The post AI Artist Signs Million-Dollar Record Deal appeared first on Consequence.
Human lyricist Telisha Jones and her AI artist Xania Monet have together signed a multi-million dollar record deal, Billboard reports.
Jones released the Xania Monet album Unfolded on August 8th, and since then the TikTok-earnest power ballad “How Was I Supposed to Know?” has racked up 5 million streams across YouTube and Spotify. The Xania Monet voice isn’t too far off from Beyoncé’s, perhaps with a dash of Alicia Keys, and the similarities to Queen Bey are even stronger in the Southern pronunciation of words like “strength.” While Jones claims to write all of the lyrics, she uses the AI platform Suno to transform the words into full songs.
The deal is reportedly worth $3 million and comes from Hallwood Media, best known for representing chart-topping producers like Murda Beatz and Sounwave. From Hallwood’s perspective, the deal carries a fair bit of risk. To start, the YouTube comments suggest that many fans don’t realize Xania Monet is an AI creation, which could lead to backlash as the news trickles out.
AI is also an active area of litigation. Platforms from ChatGPT to Suno were trained on copyrighted material in a way that some have argued is illegal. Just yesterday record labels escalated a lawsuit against Suno, claiming that the platform was trained on songs ripped from YouTube. And earlier this month Anthropic, the makers of Claude, settled a lawsuit brought by book authors for $1.5 billion. Beyoncé hasn’t sued over the Xania Monet voice, but given the other lawsuits we’ve seen, she might have a case.

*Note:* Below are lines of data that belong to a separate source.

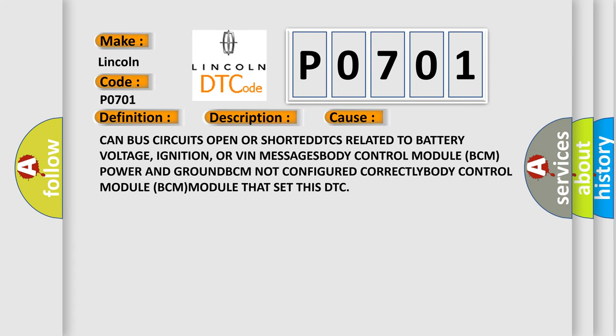CAN bus circuits open or shorted, DTCs related to battery voltage, ignition, or VIN messages, body control module BCM power and ground, BCM not configured correctly, body control module BCM module that set this DTC.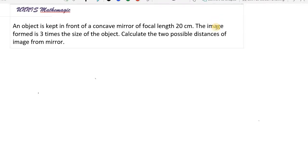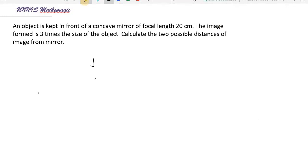An object is kept in front of a concave mirror of focal length 20 centimeters. The image formed is three times the size of the object. Calculate the two possible distances of the image from the mirror. The kind of mirror given is a concave mirror, so the focal length is f equals minus 20 centimeters, because it's a concave mirror and the focus is on the left-hand side.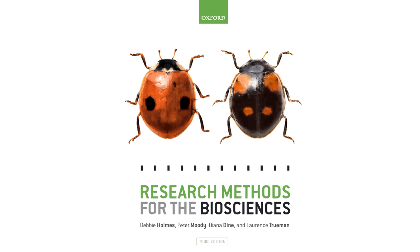I hope you found this screencast helpful. For further information on how to use this test or the theory behind it, please consult the book. More information on how to use the program to perform the test can be found in our online web guides located in the Resource Centre. Thank you for listening.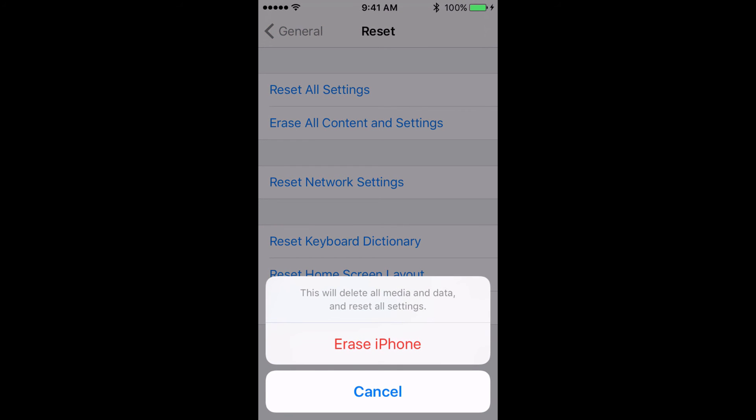And you're going to also then get another message that says, basically, are you sure you want to delete? If you do, you'll go ahead and you'll touch erase iPhone, and all of your data will be wiped from your phone, iPad, or iPod touch.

Even if Suno doesn’t get sued into oblivion, copyright law could prevent Hallwood from monetizing Xavier Monet. The US Copyright Office sanctions humans using AI as an “assistive tool,” but has said that they would not grant copyrights where “expressive elements are determined by a machine.” With Telisha Jones providing the lyrics but AI handling the composition and vocal performance, the Copyright Office has its work cut out for it.
AI songs have had success with playlist placement and TikTok, but so far there’s little evidence that generated music can capitalize on viral moments. In June the AI band The Velvet Sundown made waves for getting over 500,000 monthly Spotify listens, but just a few months later, they’ve already lost about 40% of their streams. It seems difficult to maintain an audience — let alone grow it — when the ‘artist’ in the pictures can’t interact with fans.